Download or read book Holding Power to Account written by R. Mulgan and published by Palgrave Macmillan. This book was released on 2003-01-01 with total page 253 pages. Available in PDF, EPUB and Kindle. Book excerpt: This book provides a general overview of accountability, a key concept in modern democratic governance. Richard Mulgan draws on examples and analyses from the United States and the United Kingdom as well as other 'Westminster' countries. Major topics discussed include the contrast between accountability in the public and private sectors, the effects of public management reforms on accountability, accountability for collective actions, accountability in networks and the limits of accountability.

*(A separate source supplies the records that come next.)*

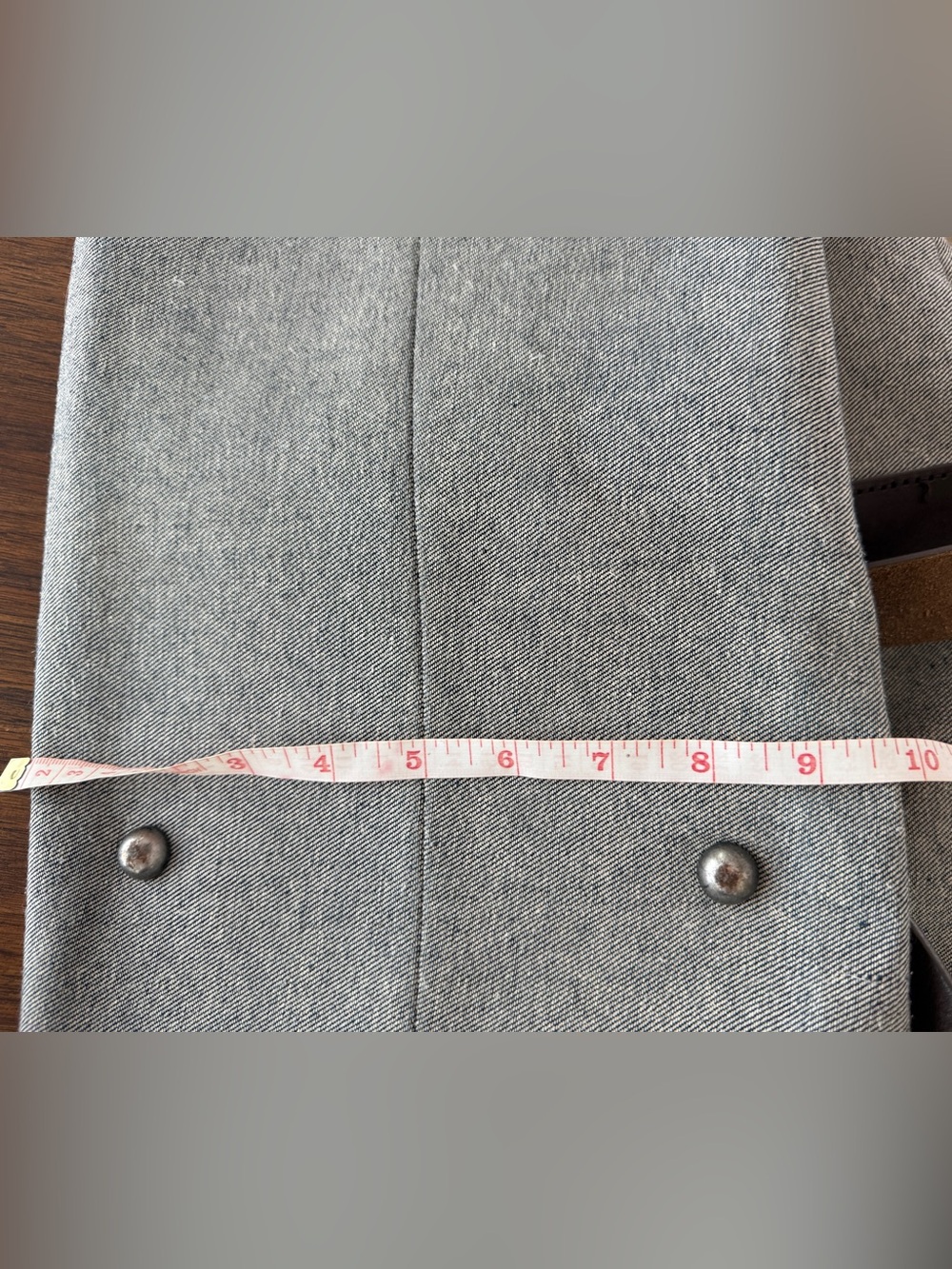 Everlane Weekender Duffel Bag – Grey Canvas & Leather - Picture 14 of 16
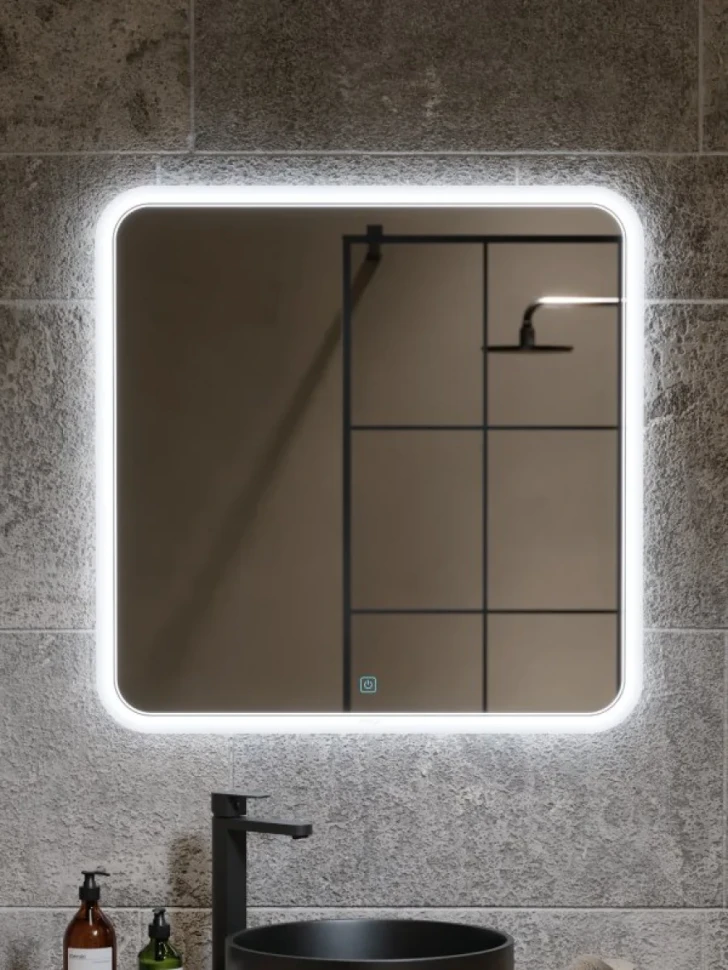 Зеркало Alavann Anna 80x80 с подсветкой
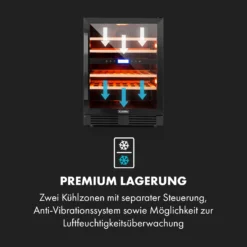 Vinovilla 43 Built-In Duo Onyx Weinkühlschrank 129l 43 Fl. 2 Zonen 5 Vinovilla 43 Built-In Duo Onyx Weinkühlschrank 129l 43 Fl. 2 Zonen -Klarstein Verkaufs 10034155 de 0006 logo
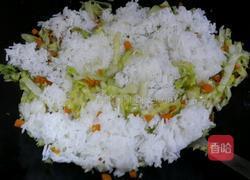 包菜肉沫饭的做法图解6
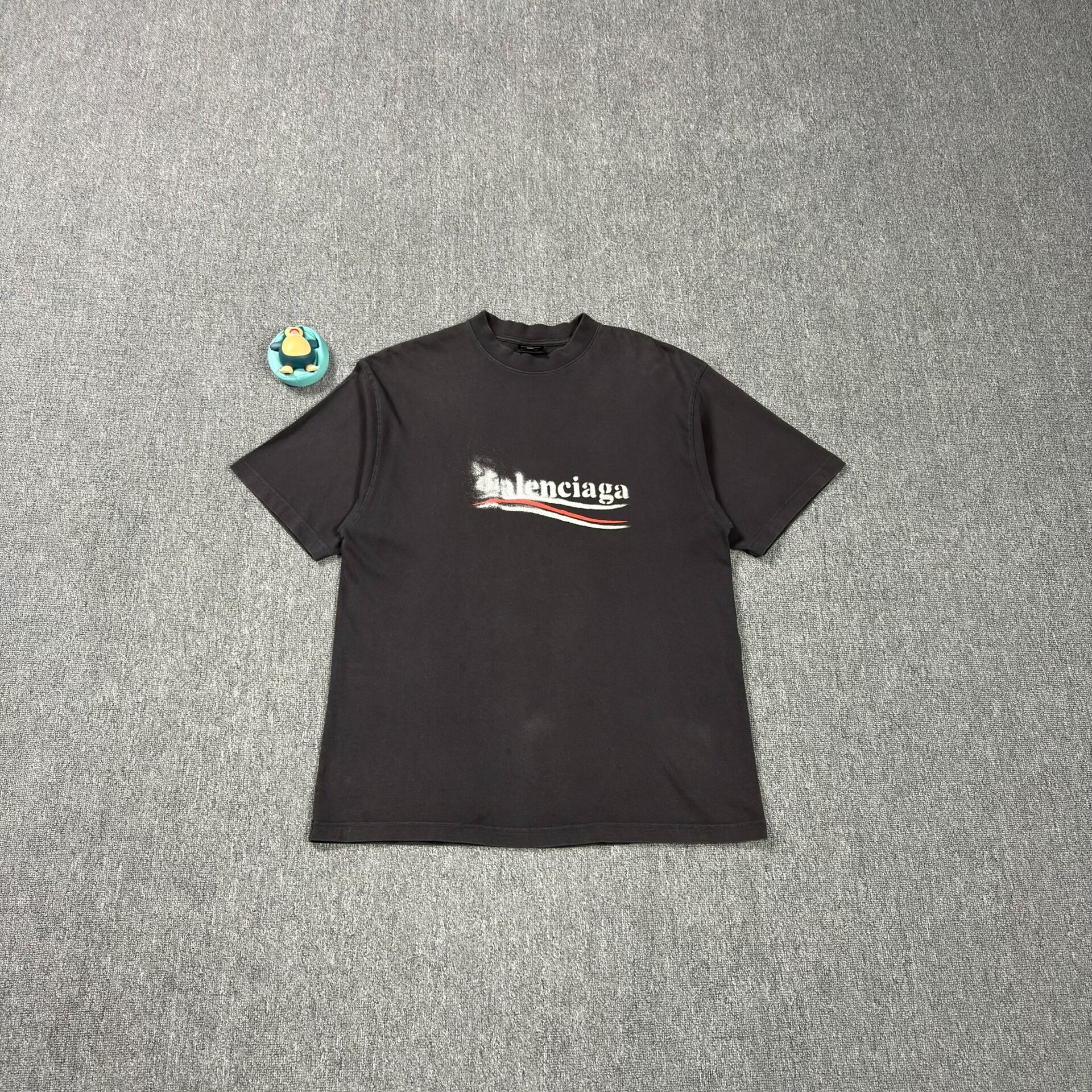 Balenciaga Blurred Logo Short-Sleeve Tee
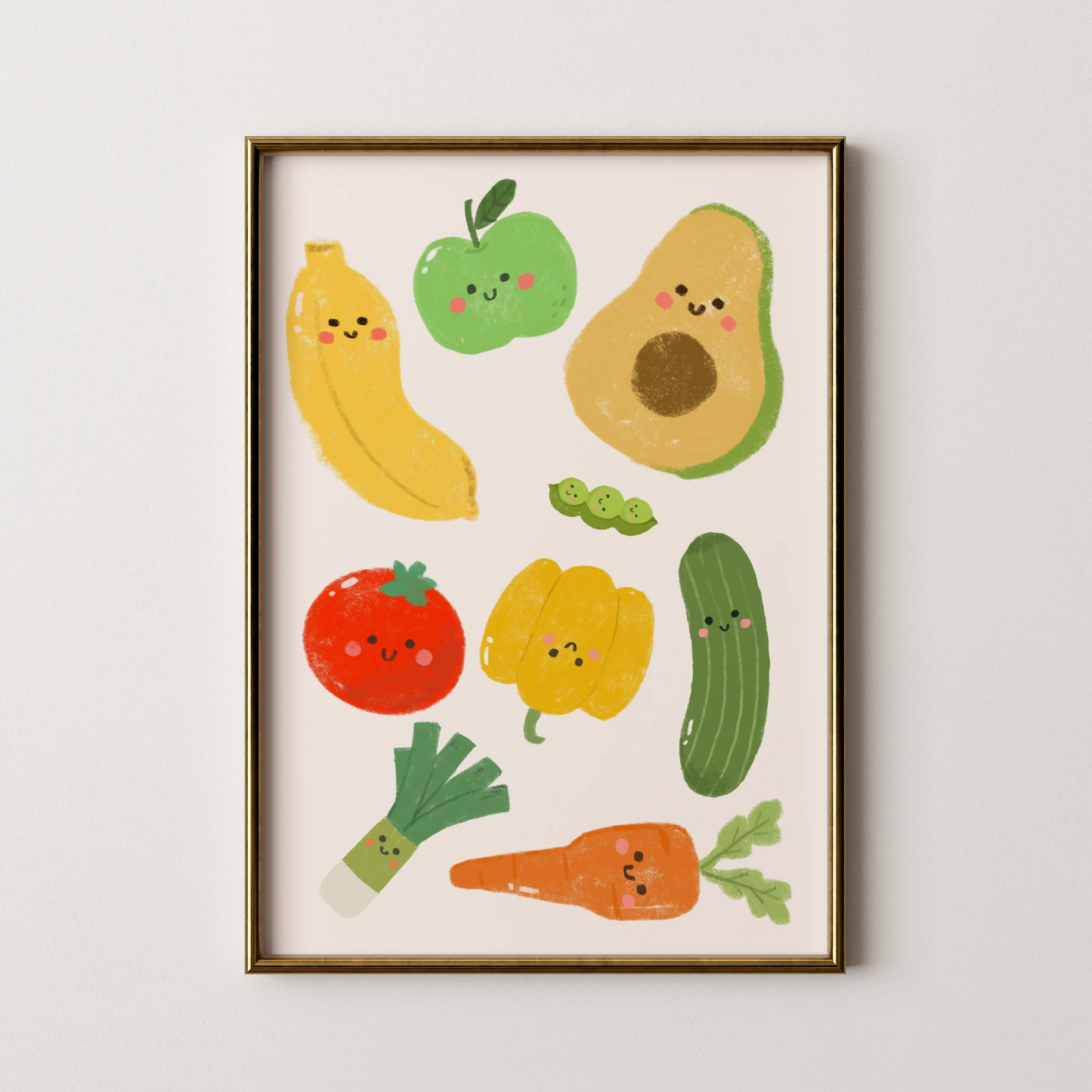 Eat veggies - Nursery Prints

Download or read book Accountability in Social Research written by Norma R.A. Romm and published by Springer Science & Business Media. This book was released on 2001-05-31 with total page 326 pages. Available in PDF, EPUB and Kindle. Book excerpt: The book considers issues relating to accountability in social research by juxtaposing seven ways of approaching the issues and by moving toward the development of a particular approach to the earning of trust on the part of researchers. A conception of the practice and assessment of discursive accountability is presented as an option for consideration. The book grapples with the issue of accountability in social research by considering the extent to which and ways in which it is addressed in a number of different positions regarding the practice of social science. The focus of the book is on reviewing discourses around the practice of `professional' inquiry, with a view to highlighting differing arguments around the question of what it might mean to assess researchers' accountabilities. The book is structured around considering in detail various views on accountability in relation to one another. A comprehensive comparison of arguments is presented in the first two chapters of the book. The debate that is set up in the first two chapters forms the background to the elaboration and development (in Chapter 3) of constructivist argumentation in relation to the question of how accounts as set forth by researchers should be treated (by colleagues, participants, and other audiences). The continuing debate about the status to be afforded to constructions developed by researchers is tackled in this chapter. Constructivist thinking is then extended toward what is named in the book a `trusting constructivist' position. This position focuses on ways in which trust earning and trust awarding in the context of social inquiry can proceed without researchers having to justify themselves as striving to gain access to knowledge as representation of reality. Through the development of the trusting constructivist position, the book explores ways of creating trust through processes of social discourse. An assessment of actual research projects in view of the debates set up in earlier chapters then takes place. Through these assessments readers can relate the details of the arguments developed in earlier chapters to their implications for judging the practice of (accountable) social inquiry.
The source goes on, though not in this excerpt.